Eric Baum wrote: 

> James> Jef Allbright <[EMAIL PROTECTED]> wrote: Russell Wallace
> James> wrote:
>  
> >> Syntactic ambiguity isn't the problem. The reason computers don't 
> >> understand English is nothing to do with syntax, it's because they 
> >> don't understand the world.

<snip>

> >> But the computer still doesn't understand the sentence, because it 
> >> doesn't know what cats, mats and the act of sitting _are_. 
> (The best 
> >> test of such understanding is not language - it's having 
> the computer 
> >> draw an animation of the action.)
> 
> James> Russell, I agree, but it might be clearer if we point out that 
> James> humans don't understand the world either. We just 
> process these 
> James> symbols within a more encompassing context.
> 
> James, I would like to know what you mean by "understand".
> In my view, what humans do is the example we have of 
> understanding, the word should be defined so as to have a 
> reasonably precise meaning, and to include the observed phenomenon.
> 
> You apparently have something else in mind by understanding.

Eric, you may refer to me as "James" ;-), but as with the topic at hand,
it adds an unnecessary level of complexity and impedes understanding.
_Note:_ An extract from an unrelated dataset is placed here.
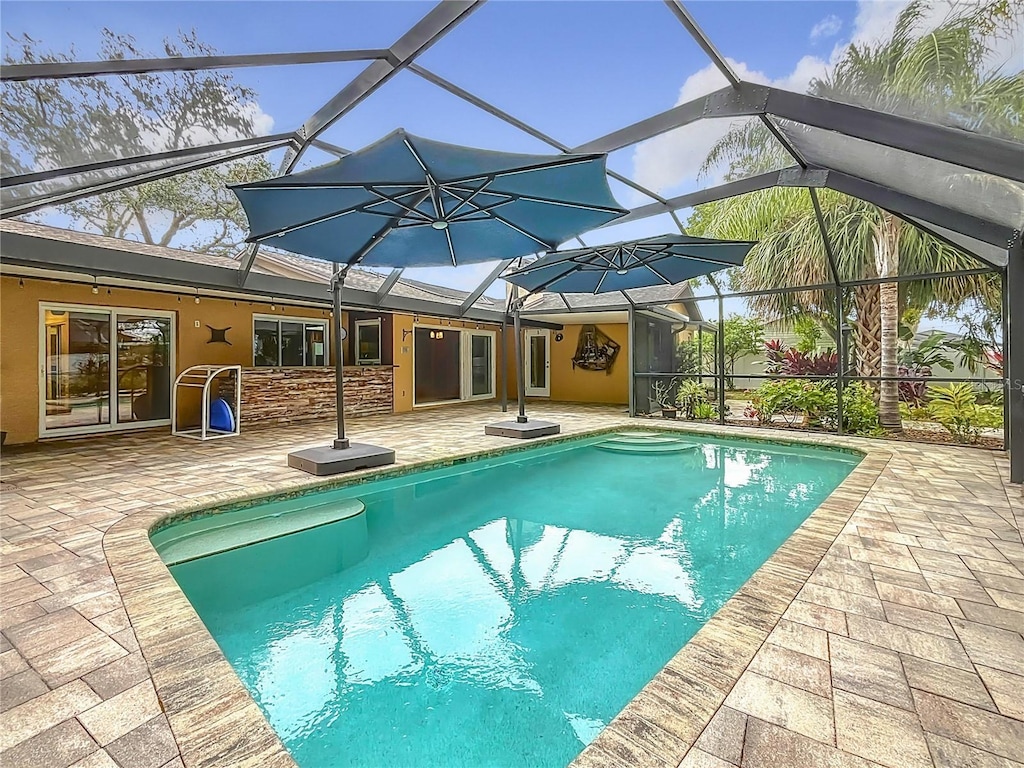 view of pool with glass enclosure and a patio area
It is common to think of machines as not possessing the faculty of
understanding while humans do.  Similarly, machines not possessing
consciousness while humans do.  This way of thinking is adequately
effective for daily use, but it carries and propagates the implicit
assumption that "understanding" and "consciousness" are somehow
intrinsically distinct from other types of processing carried out by
physical systems.

It is simpler and more coherent to think in terms of a scale of
processing within increasingly complex context, such that one might say
that a vending machine understands the difference between certain coins,
an infant understands that a nipple is a source of goodness, and most
adults understand that cooperation is more productive than conflict.
Alternatively we can say that a vending machine responds effectively to
the insertion of proper coins, an infant responds effectively to the
presence of a nipple, and most adults respond effectively by choosing
cooperation over conflict.

But let's rather not say that a vending machine doesn't really
understand the difference between coins, an infant doesn't really
understand the whys and wherefores of nipples, but most adults really do
understand in all its significant implications why cooperation is more
productive than conflict.

Each of these examples is of a physical system responding with some
degree of effectiveness based on an internal model that represents with
some degree of fidelity its local environment.  Its an unnecessary
complication, and leads to endless discussions of qualia, consciousness,
free will and the like, to assume that at some magical unspecified point
there is a transition to "true understanding".

None of which is intended to deny that from a common-sense point of
view, humans understand things that machines don't.  But for computer
scientists working on AI, I think such conceptualizing is sloppy and
impedes effective discussion and progress.